Carlsberg Malaysia posts higher 3Q earnings

The Star·11/13/2025 23:00:00
Listen to the news

PETALING JAYA: Carlsberg Brewery Malaysia Bhd remains cautious as it navigates an uncertain macroeconomic landscape amid external headwinds and subdued consumer sentiment.

In a filing with Bursa Malaysia, the company said it anticipated the recent excise duty increase could soften consumer demand in the short term and potentially lead to a rise in consumption of illicit alcohol affecting legitimate industry sales and reduce government tax revenue.

For the third quarter of this year (3Q25) Carlsberg Malaysia’s net profit rose to RM103.03mil from RM90.96mil in the previous corresponding period, while revenue grew to RM583.37mil from RM555.93mil a year earlier.

Carlsberg Malaysia said the improved performance for the quarter was attributed to the increase in trade purchases in Malaysia, ahead of the price adjustment that took place in September.

“Meanwhile, Singapore operations continue to be impacted by soft consumer sentiment which has led to weaker sales, especially on the more profitable on-trade business.

“This, along with the strengthening of the ringgit against the Singapore dollar, led to a declining organic performance.”

However, Carlsberg Malaysia said Singapore operations registered higher revenue and profit from operations due to one-off trade offer adjustments.

The group’s Sri Lankan-based associate company Lion Brewery (Ceylon) PLC recognised a higher profit of RM11.1mil in 3Q25, compared with RM9mil a year earlier due to improved revenue.

The group’s earnings per share during the quarter under review stood at 33.70 sen compared with 29.75 sen in the previous corresponding period.

Carlsberg Malaysia announced a third interim dividend of 25 sen per share for 3Q25, bringing the cumulative interim dividend to 68 sen per share for financial year 2025.

For the first nine months of this year, Carlsberg Malaysia’s net profit improved to RM279.48mil from RM258.29mil in the previous corresponding period.

However, revenue dipped to RM1.74bil compared with RM1.79bil a year earlier, due to the shorter Chinese New Year period as part of the festive sales had been captured last December, coupled with the weakening consumer sentiment.

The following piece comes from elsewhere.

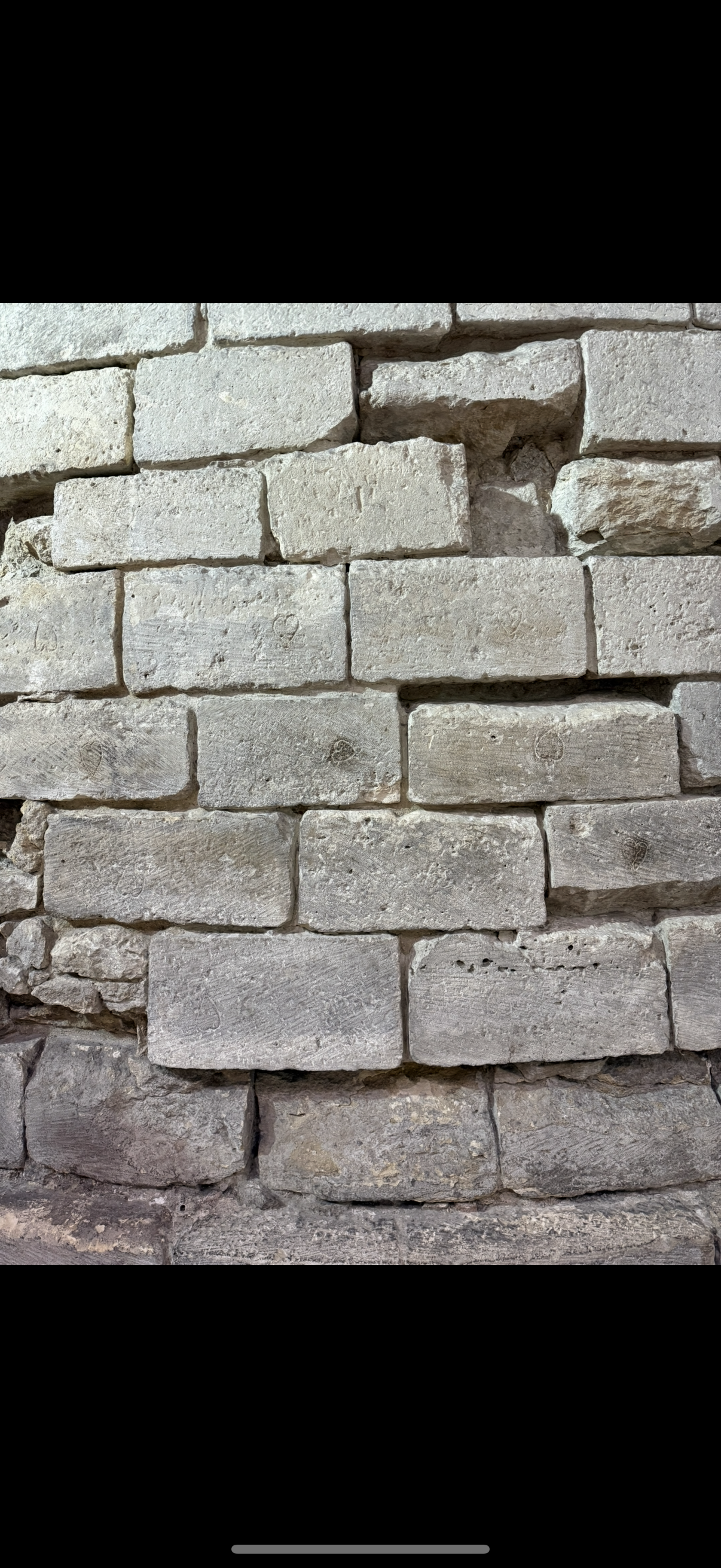 Lead with Love, Lion Heart Matte Canvas, Stretched 12 x 18" Louvre Carved Stone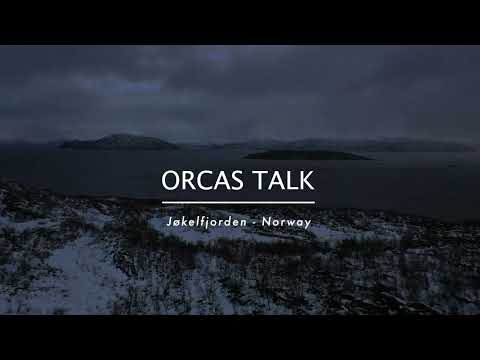 ORCAS TALK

Commenting on the group’s performance, Carlsberg Malaysia managing director Stefano Clini said he was pleased to deliver a strong performance for the nine-month period, despite the lower sales due to the shorter Chinese New Year buying period.

“Our continued focus on our operational efficiency demonstrates the resilience of our business strategy amid the challenging and subdued local market, giving us the confidence to keep investing behind our brands.”

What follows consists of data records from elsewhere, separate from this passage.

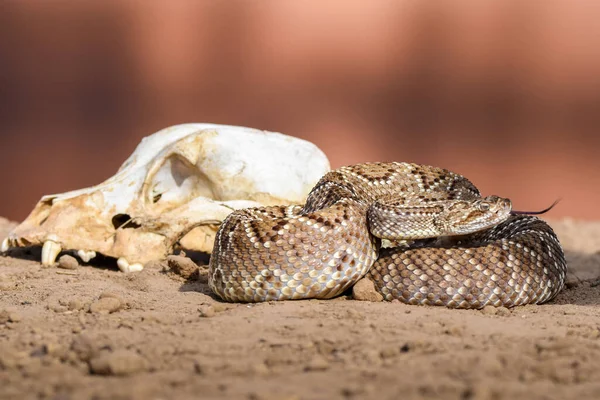 Close Snake Skull Wild — Stok fotoğraf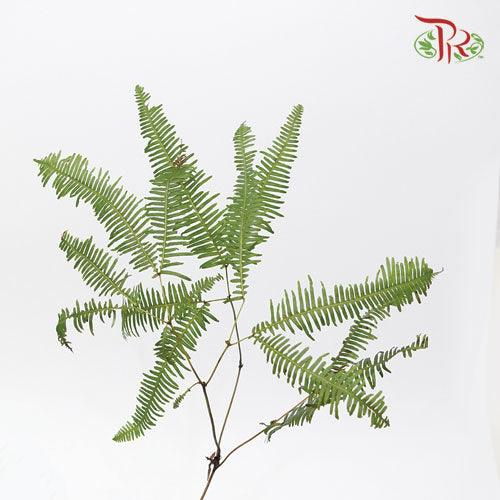 Dicranopteris Linearis - (3 Stems)-Japan-prflorist.com.my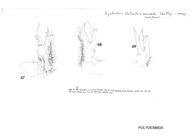 Xystocheir stolonifera uncinata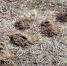На Большой поляне в Оренбурге просыпаются от зимней спячки рыжеватые суслики - Ural56.Ru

On digitalisation, the group announced that it has planned capital expenditure of RM77mil over a two-year period to upgrade its enterprise resource planning system to Microsoft Dynamics 365 Smart Core across its Malaysia and Singapore operations.

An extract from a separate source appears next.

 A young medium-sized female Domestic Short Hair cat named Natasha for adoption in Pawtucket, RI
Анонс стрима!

The digital transformation is expected to be completed in the third quarter of next year.

Clini added that Carlsberg Malaysia would continue to support the Royal Malaysian Customs Department and the government’s multi-agency task force in their ongoing efforts to curb illicit beer and to protect government revenue.

“Addressing this challenge requires a balanced, collaborative approach – combining enforcement, awareness, and partnership between industry and authorities.

“The group will continue to stay vigilant in pursuing cost optimisation opportunities to support investments in our brands, brewery and digital transformation, underscoring its commitment to delivering long-term sustainable value creation.”